Le manque cruel de capitaux en Afrique Noire

Les conditions choquantes de pauvreté et de vie de l'Afrique Noire ont été exposées à maintes reprises à la télévision et sur Internet. Mais ces images atroces ne représentent que les symptômes d'une maladie sous-jacente (et en grande partie passée sous silence) : la fuite des capitaux.

La fuite des capitaux s'explique par un nombre incalculable de causes : le service de la dette, l'attribution aux entreprises étrangères de quasiment tous les contrats financés par des prêteurs multilatéraux (et les exonérations des taxes et des droits sur ces biens et services), des termes d'échange défavorables, la spéculation, le libre transfert des profits, les réserves de devises détenues dans des comptes étrangers, et les capitaux privés nationaux canalisés vers l'étranger. Selon l'Organisation des Nations Unies pour le développement industriel (UNIDO), chaque dollar injecté dans la région génère une sortie de 1,06 dollars.

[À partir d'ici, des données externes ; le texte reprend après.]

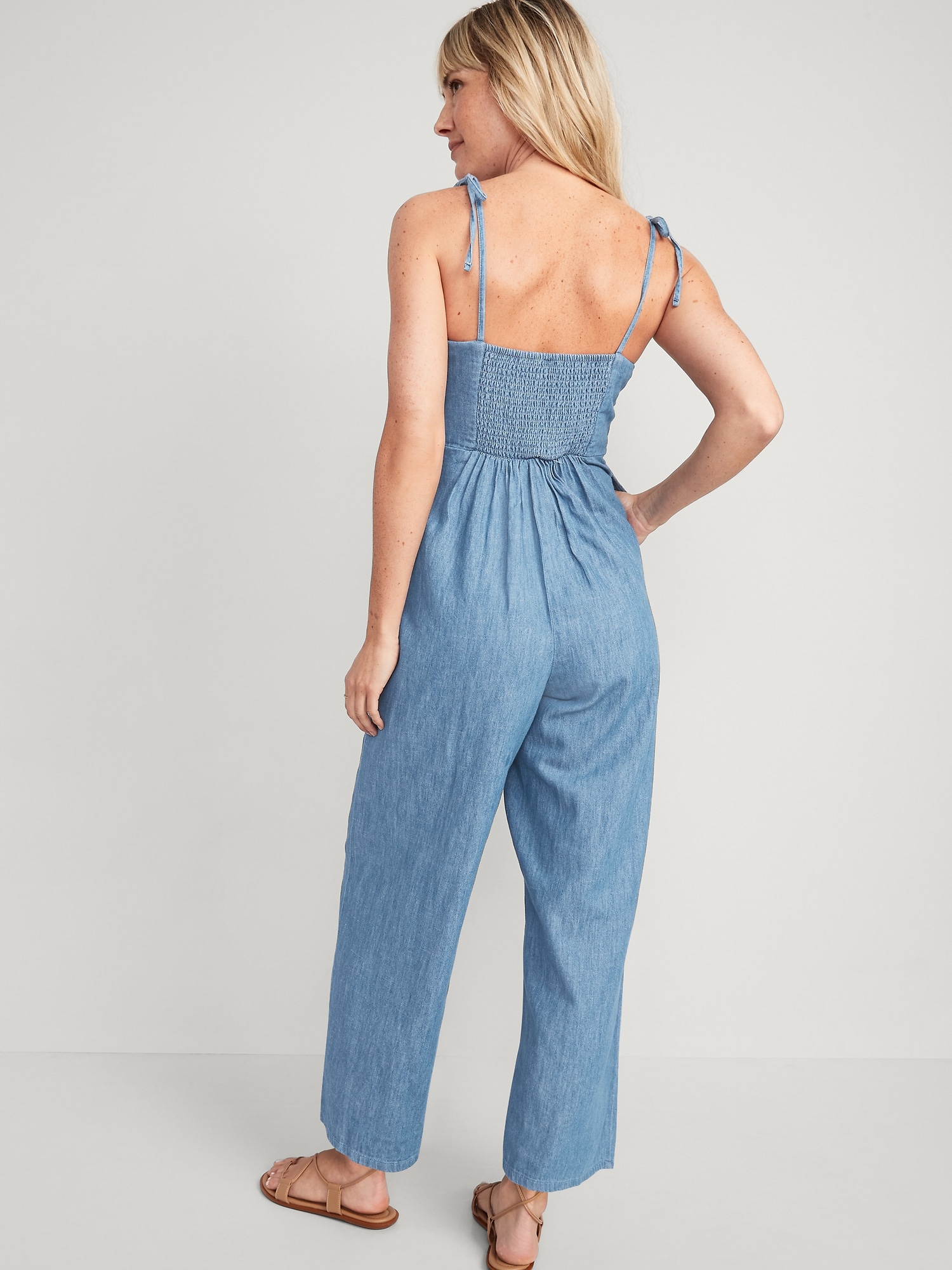 Girl In Mind Blue Twist Front Wide Leg Jumpsuit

La majeure partie de cette hémorragie est alimentée par la dette : environ 80 cents de chaque dollar qui est injecté dans la région grâce aux prêts étrangers en ressort la même année. Ceci implique une complicité active entre les créditeurs (les pays de l'OCDE et leurs établissements financiers, plus particulièrement le FMI et la Banque mondiale) et les emprunteurs (les gouvernements africains). La fuite des capitaux fournit aux créditeurs les ressources dont ils ont besoin pour financier des prêts supplémentaires aux pays d'où proviennent ces ressources, un système connu sous le nom de prêts « face à face » (round-tipping).